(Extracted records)
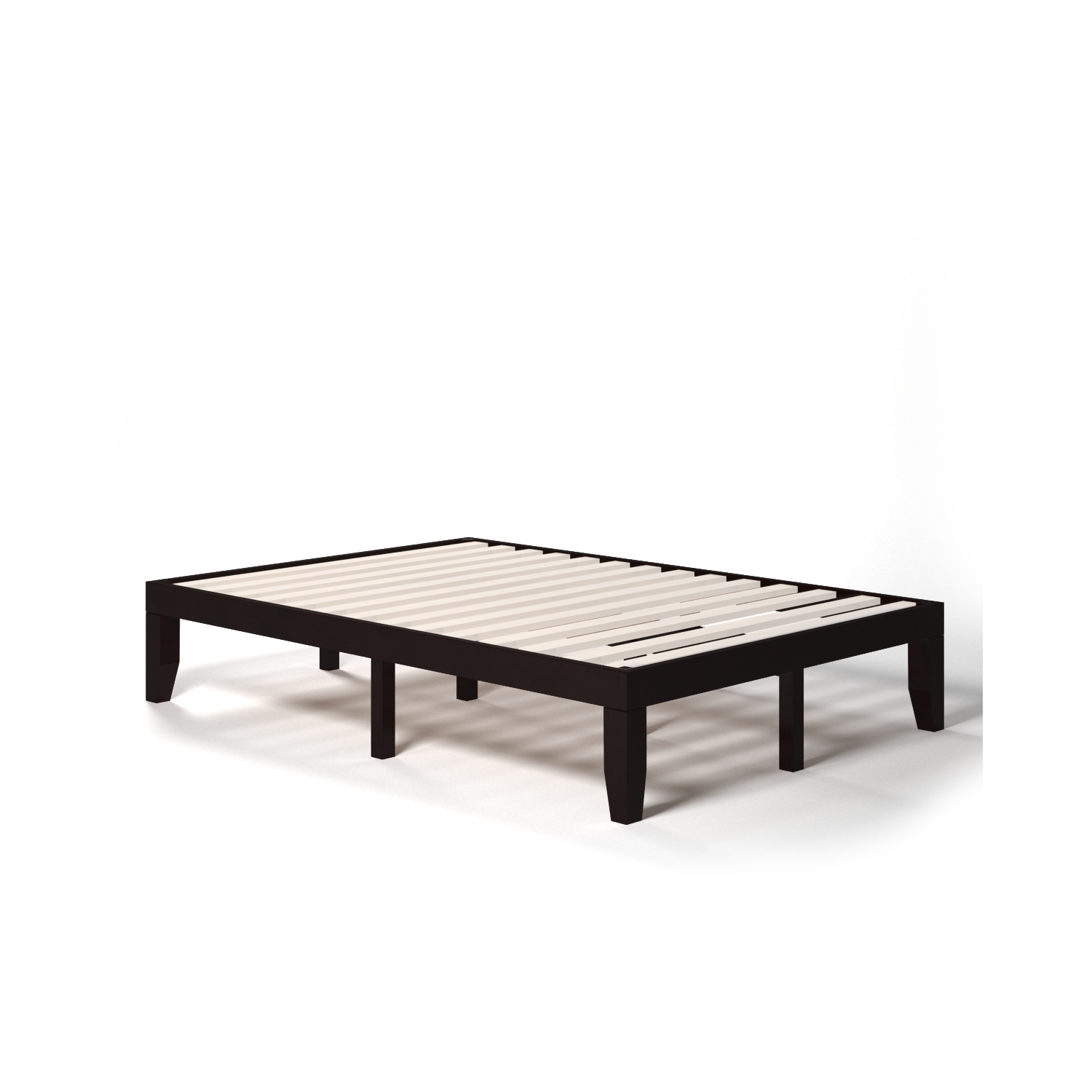 Costway Full Size 14'' Wooden Bed Frame Mattress Platform Wood Slats Support EspressoNatural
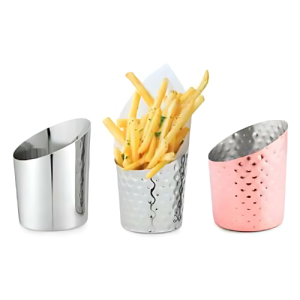 French Fry Cup – Angled & Hammered – Stainless Steel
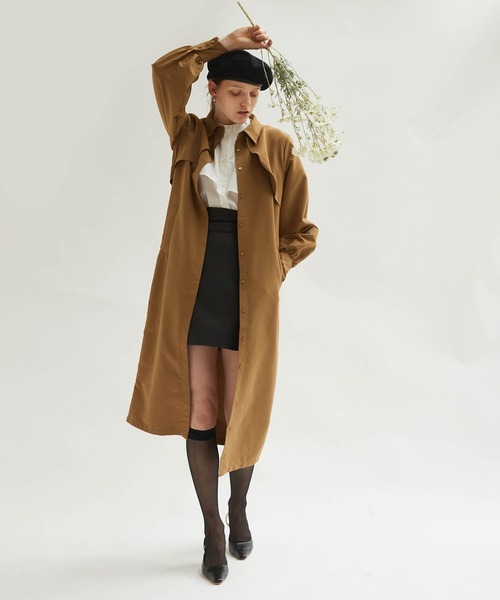 Keeepy(キーピー)の「【Keeepy】volume sleeve layered design shirt dress(シャツワンピース・レディース・ネイビー/ブラウン・FREE)」の4枚目の写真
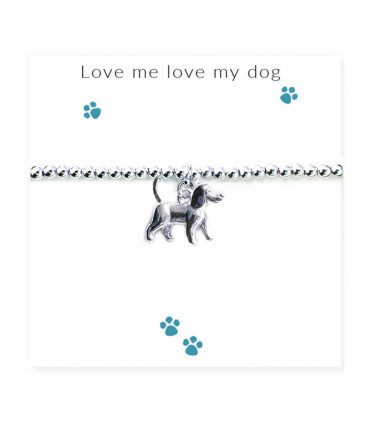 Love Me Love My Dog Bracelet on Message Card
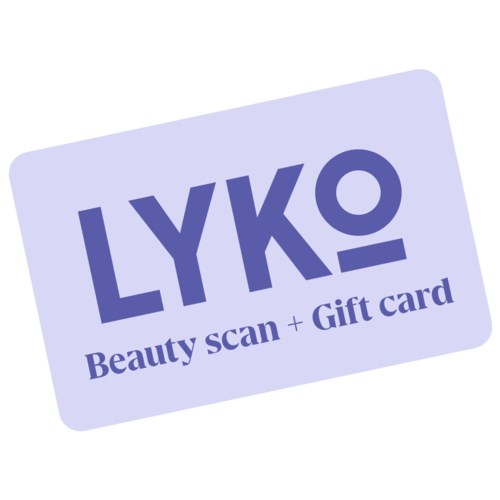 Et LYKO gavekort med en skjønnhetsskanning og tekst på lys lilla bakgrunn.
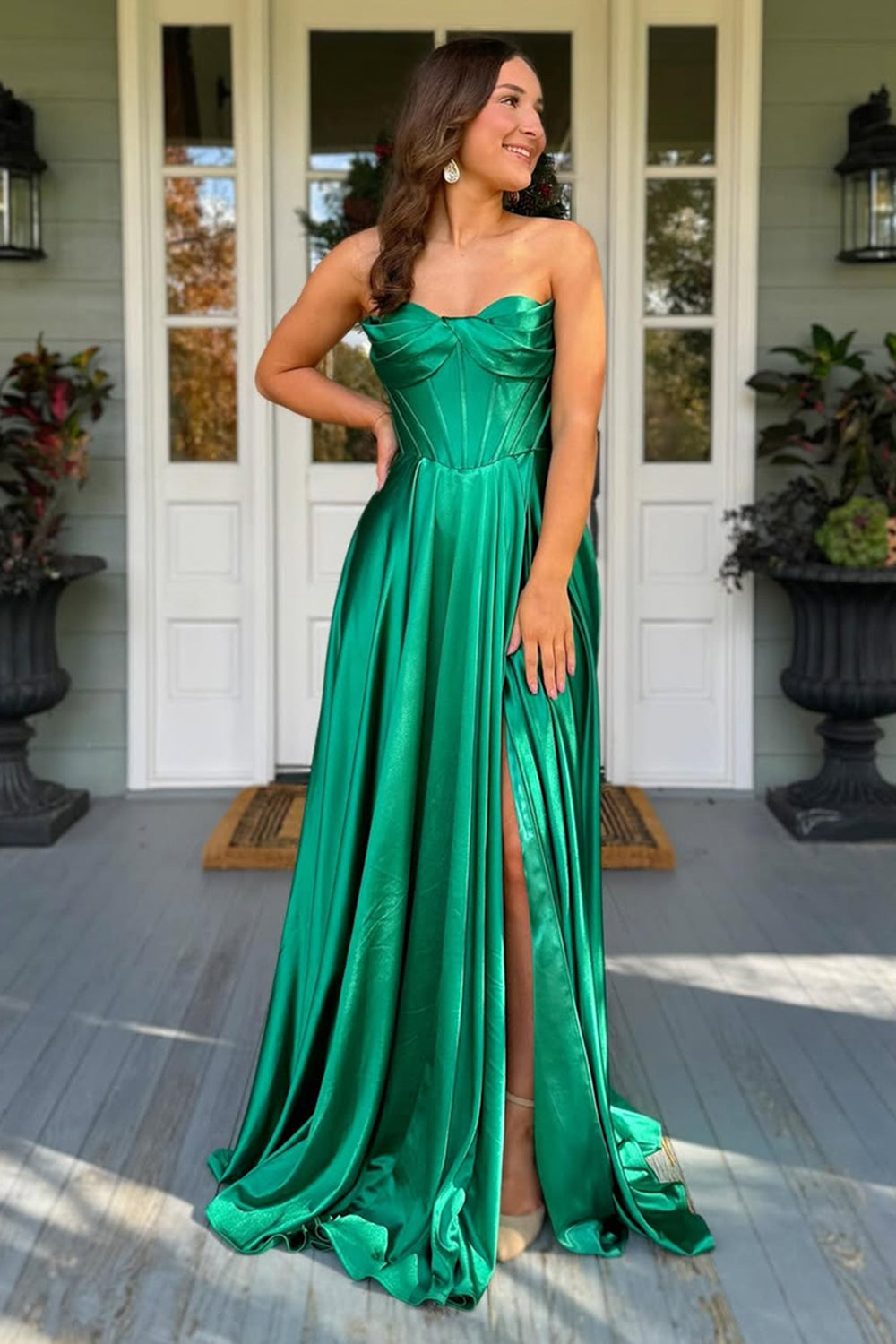 Dreamyannie Dark Green Prom Dress Satin Corset A Line Formal Dress With Slit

■ **DIRECTIONS**
All records above must be output exactly as they stand, excluding pictures.

■ **ANSWER BOX**
 Costway Full Size 14'' Wooden Bed Frame Mattress Platform Wood Slats Support EspressoNatural
 French Fry Cup – Angled & Hammered – Stainless Steel
 Keeepy(キーピー)の「【Keeepy】volume sleeve layered design shirt dress(シャツワンピース・レディース・ネイビー/ブラウン・FREE)」の4枚目の写真
 Love Me Love My Dog Bracelet on Message Card
 Et LYKO gavekort med en skjønnhetsskanning og tekst på lys lilla bakgrunn.
 Dreamyannie Dark Green Prom Dress Satin Corset A Line Formal Dress With Slit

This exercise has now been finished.